The above are only specific embodiments of the present disclosure, but the protection scope of the present disclosure is not limited thereto. Any technician familiar with the technical field can easily think of changes or substitutions within the technical scope disclosed in the present disclosure, which should be included in the protection scope of the present disclosure. Therefore, the protection scope of the present disclosure should be based on the protection scope of the claims.

Claims (12)

1. An implantable electrical stimulator with electromagnetic shielding function, comprising a first housing part housing the control device, a second housing part housing the at least one interaction device, a control device and at least one interaction device electrically connected with the control device, the first housing part being configured to at least partially form an electromagnetic shielding of the control device with respect to an external environment, the second housing part being configured to allow the at least one interaction device to interact wirelessly with an extracorporeal device.

2. The implantable electrical stimulator with electromagnetic shielding function according to claim 1, further comprising an electromagnetic shield, the first housing part being provided with a through passage, the electromagnetic shield blocking the through passage, the at least one interaction device being electrically connected to the control device by at least one connection wire, respectively; one end of each connecting wire is electrically connected with the control device, and the other end of each connecting wire is electrically connected with the corresponding interaction device through the electromagnetic shielding piece.

3. The implantable electrical stimulator with electromagnetic shielding function according to claim 2, wherein the electromagnetic shield includes a conductive structure and a base body supporting the conductive structure.

4. An implantable electrical stimulator with electromagnetic shielding function according to claim 3, wherein the conductive structure is a conductive mesh or conductive particles distributed in the matrix.

5. An implantable electrical stimulator with electromagnetic shielding function according to claim 3, wherein the conductive structure is a conductive layer arranged in a layered manner with the base body.

6. The implantable electrical stimulator with electromagnetic shielding function according to claim 3, wherein the base body is insert-molded with the at least one connecting wire.

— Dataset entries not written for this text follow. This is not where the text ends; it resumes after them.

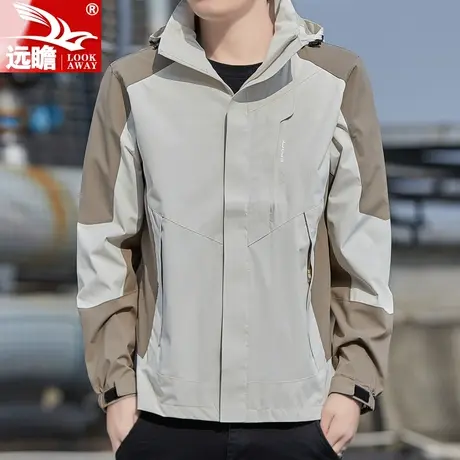 男士外套春秋季冲锋衣潮牌休闲连帽防风飞行夹克男休闲上衣服男款商品大图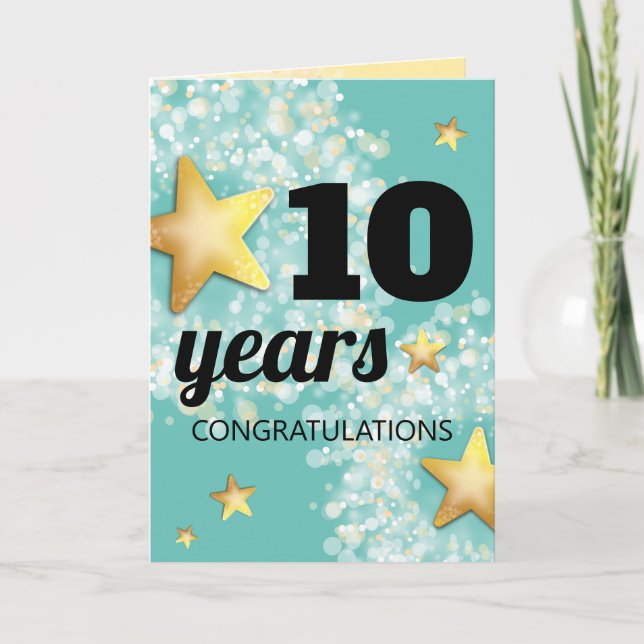 Faux guld-stjärnor, årsdag för anställda kort (Framsida)
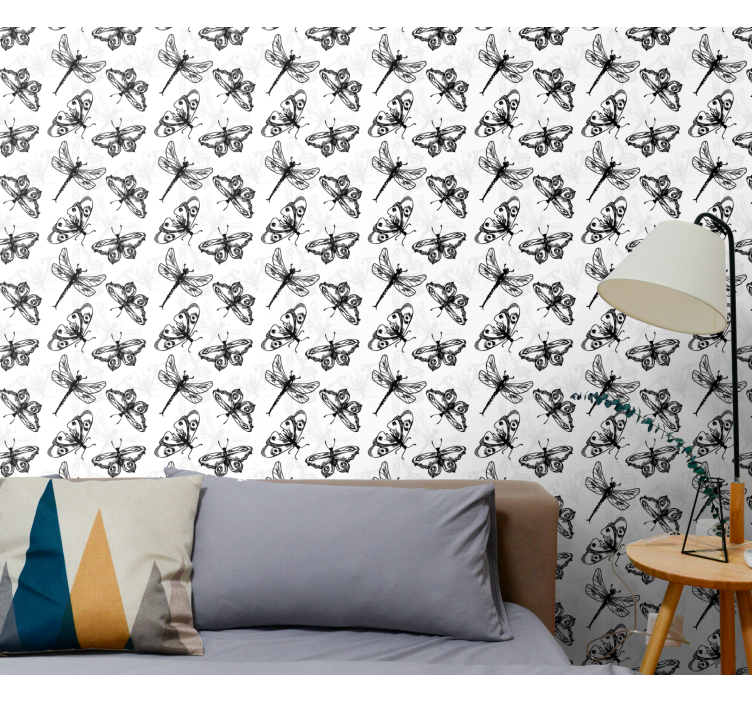 Zwarte libellen vlinders behang - TenStickers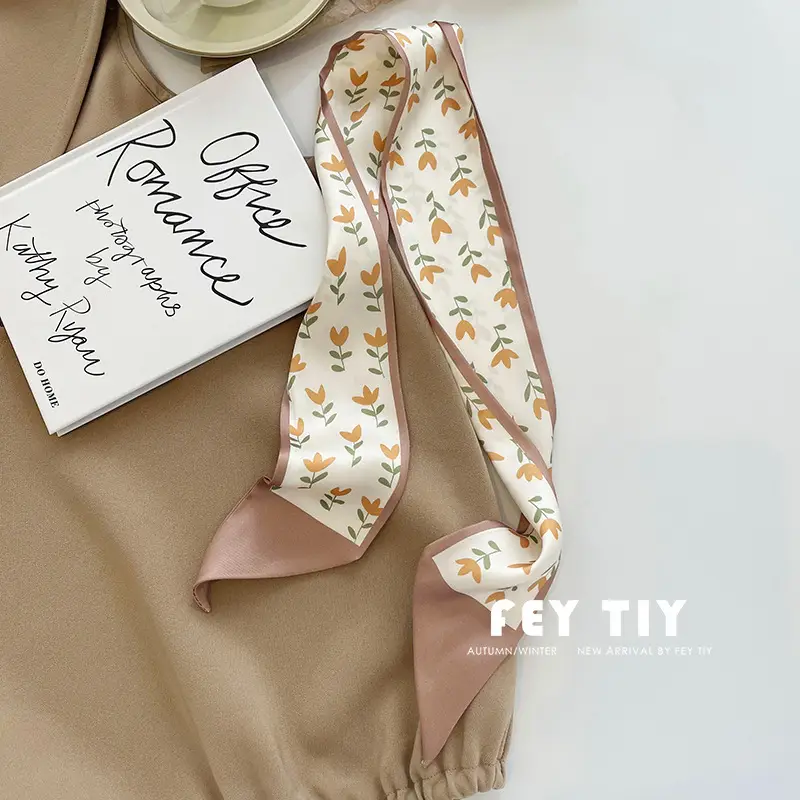 Advanced Khaki Silk Scarf with Floral Ribbon for Women - Image 8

7. An implantable electrical stimulator with electromagnetic shielding function according to any one of claims 3 to 6, wherein the conductive structure is insulated from the connection line and electrically connected to the first housing portion.

8. An implantable electrical stimulator with electromagnetic shielding function according to claim 3, wherein the electromagnetic shielding member includes a connection portion including a peripheral wall portion surrounding the base body and a flange portion protruding outward from an outer surface of the peripheral wall portion.

9. The implantable electrical stimulator with electromagnetic shielding function according to claim 8, wherein the conductive structure is electrically connected to the first housing portion through the connection portion.

10. The implantable electrical stimulator with electromagnetic shielding function according to claim 8, wherein the base body is insert-molded with the at least one connecting wire and the connecting portion.

11. The implantable electrical stimulator with electromagnetic shielding function according to claim 1, wherein the control means includes a first circuit board and a second circuit board laminated and arranged at intervals in a thickness direction of the first housing portion, the first circuit board having opposite electronic-device-present faces and electronic-device-free faces in the thickness direction, the electronic-device-present faces being opposed to the second circuit board faces, the electronic-device-free faces being in contact with an inner surface of the first housing portion.

12. The implantable electrical stimulator with electromagnetic shielding function according to claim 1, wherein the at least one interaction device comprises a communication device and/or a wireless charging device.